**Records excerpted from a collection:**
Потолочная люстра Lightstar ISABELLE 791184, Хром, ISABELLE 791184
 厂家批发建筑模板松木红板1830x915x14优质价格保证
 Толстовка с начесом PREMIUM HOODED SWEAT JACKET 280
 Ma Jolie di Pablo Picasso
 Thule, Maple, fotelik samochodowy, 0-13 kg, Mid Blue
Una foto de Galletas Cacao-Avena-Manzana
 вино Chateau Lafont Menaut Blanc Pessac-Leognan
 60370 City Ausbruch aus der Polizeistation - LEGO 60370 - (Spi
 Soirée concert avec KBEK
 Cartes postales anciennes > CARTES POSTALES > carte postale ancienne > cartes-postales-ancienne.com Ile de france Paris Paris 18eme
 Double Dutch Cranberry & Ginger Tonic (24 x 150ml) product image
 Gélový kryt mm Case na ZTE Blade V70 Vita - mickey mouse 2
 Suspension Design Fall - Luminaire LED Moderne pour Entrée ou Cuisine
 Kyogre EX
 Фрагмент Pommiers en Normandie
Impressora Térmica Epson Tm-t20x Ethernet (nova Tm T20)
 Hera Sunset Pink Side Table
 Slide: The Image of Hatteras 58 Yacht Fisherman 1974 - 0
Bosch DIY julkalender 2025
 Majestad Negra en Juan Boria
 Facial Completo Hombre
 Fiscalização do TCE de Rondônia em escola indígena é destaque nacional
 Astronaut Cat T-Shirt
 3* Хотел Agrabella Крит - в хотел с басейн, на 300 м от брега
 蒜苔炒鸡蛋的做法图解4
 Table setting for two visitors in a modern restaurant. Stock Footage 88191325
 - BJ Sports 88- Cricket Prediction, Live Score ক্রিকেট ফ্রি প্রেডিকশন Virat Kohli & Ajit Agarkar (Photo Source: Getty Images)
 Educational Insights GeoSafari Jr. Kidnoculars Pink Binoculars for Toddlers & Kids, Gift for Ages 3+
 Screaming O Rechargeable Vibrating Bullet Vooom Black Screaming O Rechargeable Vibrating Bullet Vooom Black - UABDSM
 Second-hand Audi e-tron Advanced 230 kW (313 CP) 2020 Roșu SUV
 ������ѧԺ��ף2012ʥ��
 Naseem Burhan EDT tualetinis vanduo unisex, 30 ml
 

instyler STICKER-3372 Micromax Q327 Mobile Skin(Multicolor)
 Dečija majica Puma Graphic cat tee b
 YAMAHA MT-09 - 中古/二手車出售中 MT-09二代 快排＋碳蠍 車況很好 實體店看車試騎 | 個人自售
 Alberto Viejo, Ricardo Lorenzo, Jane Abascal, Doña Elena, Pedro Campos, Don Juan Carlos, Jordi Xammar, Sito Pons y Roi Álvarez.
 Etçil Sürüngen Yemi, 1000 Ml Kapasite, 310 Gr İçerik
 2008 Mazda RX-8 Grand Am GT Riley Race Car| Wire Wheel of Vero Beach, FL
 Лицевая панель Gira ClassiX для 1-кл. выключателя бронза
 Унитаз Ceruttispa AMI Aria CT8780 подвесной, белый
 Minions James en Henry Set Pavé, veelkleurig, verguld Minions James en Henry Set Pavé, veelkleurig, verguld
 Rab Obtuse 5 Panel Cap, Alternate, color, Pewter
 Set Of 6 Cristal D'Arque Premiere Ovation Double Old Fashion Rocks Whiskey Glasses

**Required action:** Each line from the top of the entries above through the line containing "Educational Insights GeoSafari" must be transcribed exactly, and no other line may appear.

**Exercise output:**
Потолочная люстра Lightstar ISABELLE 791184, Хром, ISABELLE 791184
 厂家批发建筑模板松木红板1830x915x14优质价格保证
 Толстовка с начесом PREMIUM HOODED SWEAT JACKET 280
 Ma Jolie di Pablo Picasso
 Thule, Maple, fotelik samochodowy, 0-13 kg, Mid Blue
Una foto de Galletas Cacao-Avena-Manzana
 вино Chateau Lafont Menaut Blanc Pessac-Leognan
 60370 City Ausbruch aus der Polizeistation - LEGO 60370 - (Spi
 Soirée concert avec KBEK
 Cartes postales anciennes > CARTES POSTALES > carte postale ancienne > cartes-postales-ancienne.com Ile de france Paris Paris 18eme
 Double Dutch Cranberry & Ginger Tonic (24 x 150ml) product image
 Gélový kryt mm Case na ZTE Blade V70 Vita - mickey mouse 2
 Suspension Design Fall - Luminaire LED Moderne pour Entrée ou Cuisine
 Kyogre EX
 Фрагмент Pommiers en Normandie
Impressora Térmica Epson Tm-t20x Ethernet (nova Tm T20)
 Hera Sunset Pink Side Table
 Slide: The Image of Hatteras 58 Yacht Fisherman 1974 - 0
Bosch DIY julkalender 2025
 Majestad Negra en Juan Boria
 Facial Completo Hombre
 Fiscalização do TCE de Rondônia em escola indígena é destaque nacional
 Astronaut Cat T-Shirt
 3* Хотел Agrabella Крит - в хотел с басейн, на 300 м от брега
 蒜苔炒鸡蛋的做法图解4
 Table setting for two visitors in a modern restaurant. Stock Footage 88191325
 - BJ Sports 88- Cricket Prediction, Live Score ক্রিকেট ফ্রি প্রেডিকশন Virat Kohli & Ajit Agarkar (Photo Source: Getty Images)
 Educational Insights GeoSafari Jr. Kidnoculars Pink Binoculars for Toddlers & Kids, Gift for Ages 3+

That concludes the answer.